No fue debido a la improbable conjunción de un espejo y una
enciclopedia. No fue, tampoco, debido a la ardua compañía de un poeta ambicioso
y mediocre de la ciudad de Buenos Aires. Fue por la paciencia, el esmero, la
obsesión, el deseo, la necesidad. La regadera y el azadón.
Tampoco, hay que decirlo, el descubrimiento fue cosa
milagrosa o fantástica. Un pedazo de tierra, simplemente, dentro de las dos o
tres hectáreas que rodean el rancho de la chacrita del Loco Chavero, en el que,
a contrapelo del empeño, del amor incluso y del tiempo, no crecía nada. El
Círculo de la Infertilidad, gustaba llamarlo, excesivamente, como en todo, Don
Herminio.
Y digo de la paciencia y el empeño porque fueron muchos los
años que, según sabía contar Herminio, fue buscando, paso a paso, riego a riego,
ese rinconcito de tierra en el que las semillas de manzana, damasco, ciruela,
naranja y mandarina, e incluso el pasto, se abstuvieron siempre de crecer. Era
su Círculo (aunque en verdad la forma era irregular y hasta algo informe), su Sitio
de la Infertilidad, así, con mayúsculas, por la seriedad un poco afectada que tomaba
su tono al nombrarlo.
Y lo cuidaba, claro, más, incluso, o más, sobretodo, que
todo el resto de la chacra, superpoblada groseramente de árboles frutales de
distintos tamaños y edades, que, decía, eran la medida justa de su esfuerzo
para llegar al sitio, por fin, en que ni la gramilla más silvestre subía al
cielo.
Debe haber algo ahí abajo que no permite el crecimiento, le
decía yo, a veces, en un llamado iluso a la sensatez, a la comprensión.
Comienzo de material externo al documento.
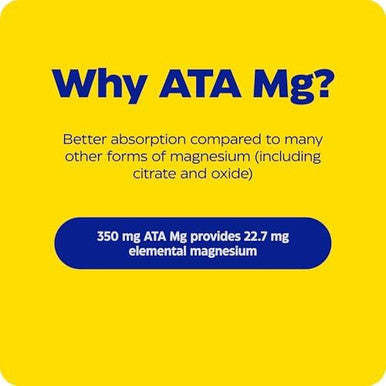 Enzymedica Magnesium Mind With Ata Mg 24% Faster Absorption Highbioavailability Magnesium For Sleep Stress & Cognition 120 Count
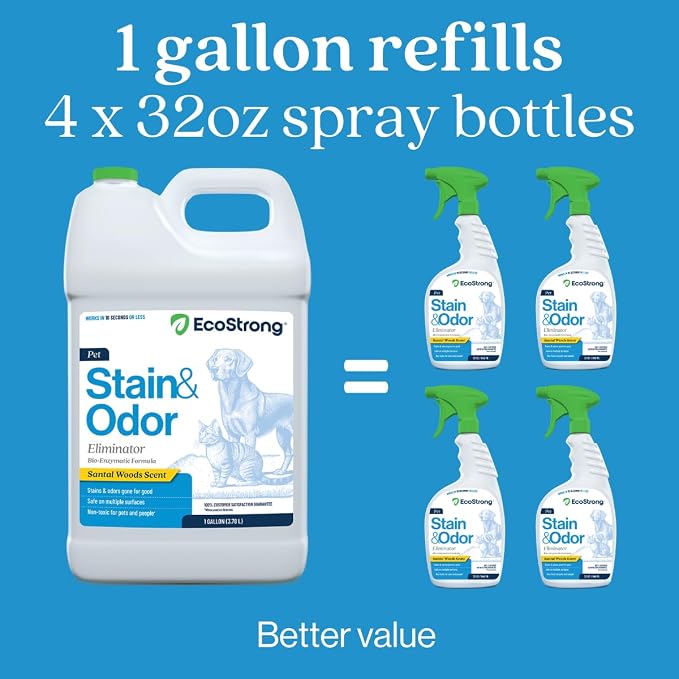 Eco Strong Pet Stain and Odor Remover - Pet Odor Eliminator, Urine Destroyer for Dogs, Pet Urine Enzyme Cleaner | Santel Woods - 128 oz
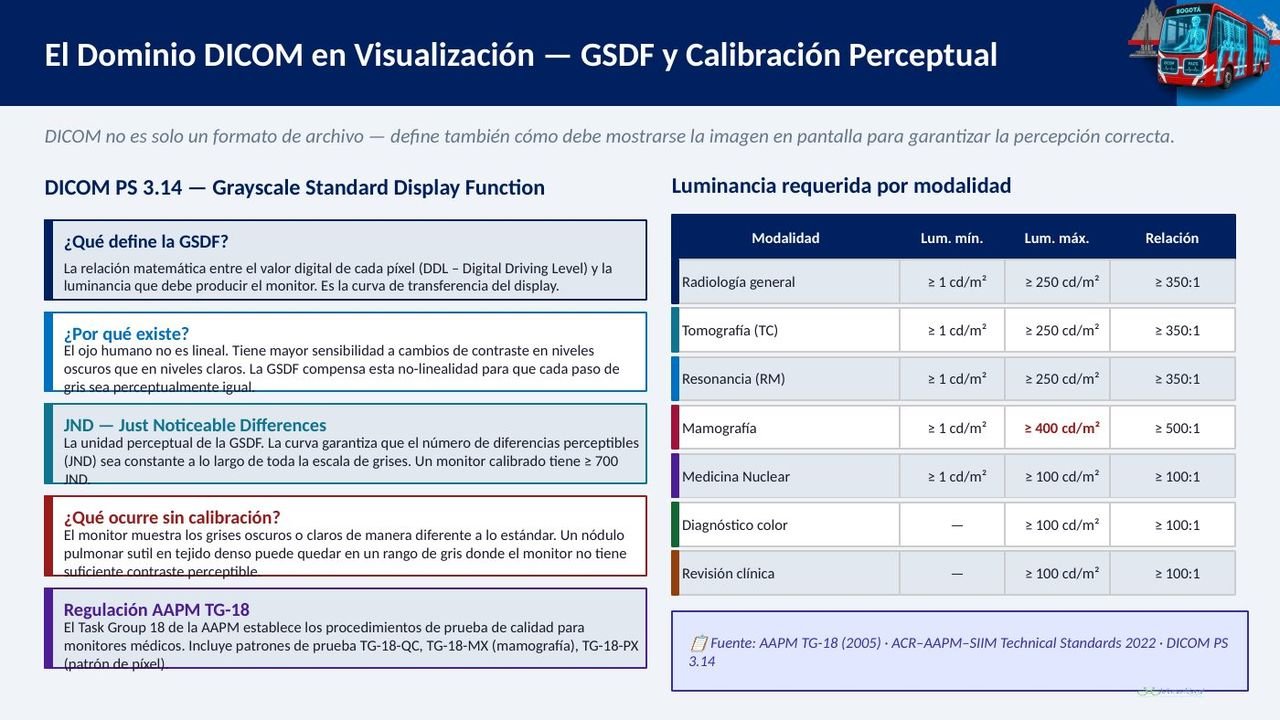 Visualización de imágenes · Estaciones diagnósticas, diapositiva 10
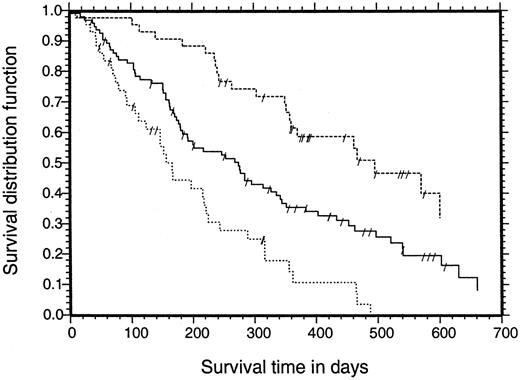 Fig. 1. Survival curves in NSCLC patients with low (≤1.11 grams/liter, —), intermediate (1.12–1.84 grams/liter, —), and high (≥1.85 grams/liter, …) baseline AAG (/censored observation).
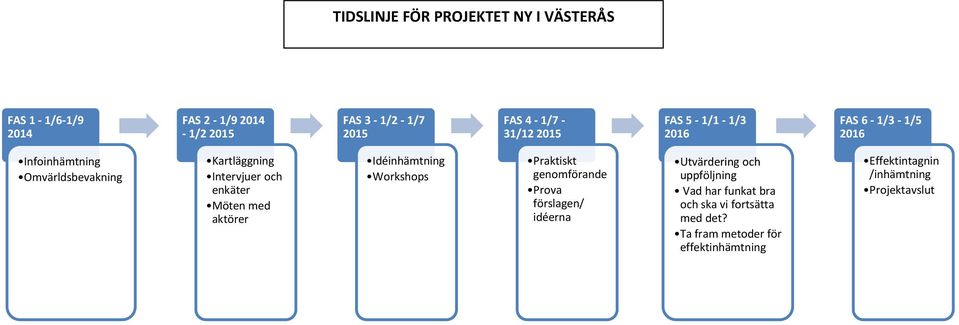 med aktörer Idéinhämtning Workshops Praktiskt genomförande Prova förslagen/ idéerna Utvärdering och uppföljning Vad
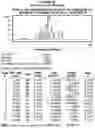 Fig. 86 - AROMATIC-CATIONIC PEPTIDES AND USES OF SAME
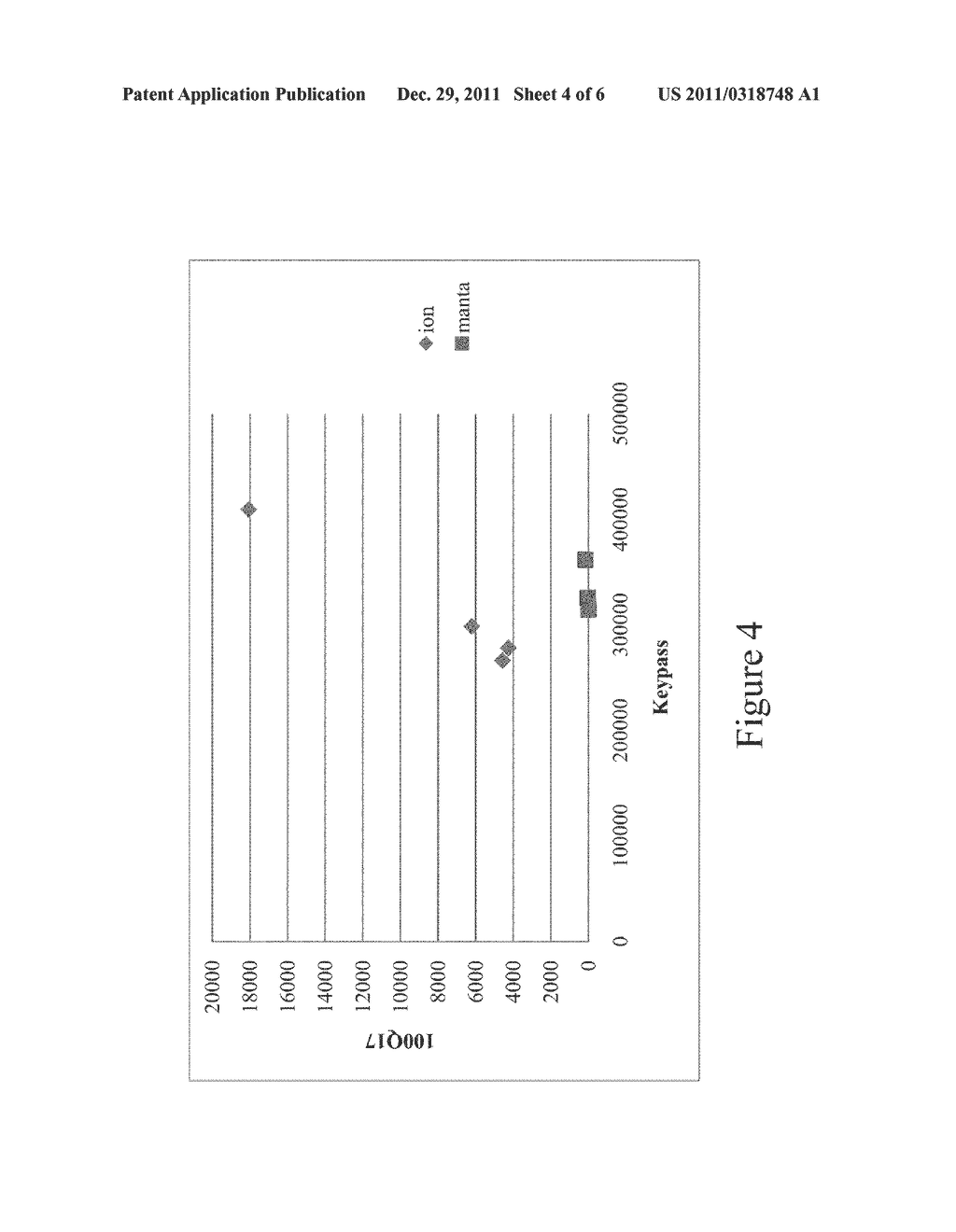 Modified Proteins and Methods of Making and Using Same - diagram, schematic, and image 05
Herminio me miraba y se ponía levemente triste. Agachaba la cabeza y la mecía discretamente.
Yo me paso la vida, decía, buscando un trozo de infertilidad en mi suelo y vos
la única reflexión que tenés a mano es esa, preguntaba o afirmaba, pero ya no
miraba.
Cada día Don Herminio esquivaba la fronda de su chacra para
irse hasta el Círculo. Cuando yo me iba, él se quedaba. Mirándolo se quedaba.
Fijado. Nunca supe cuál era su deseo.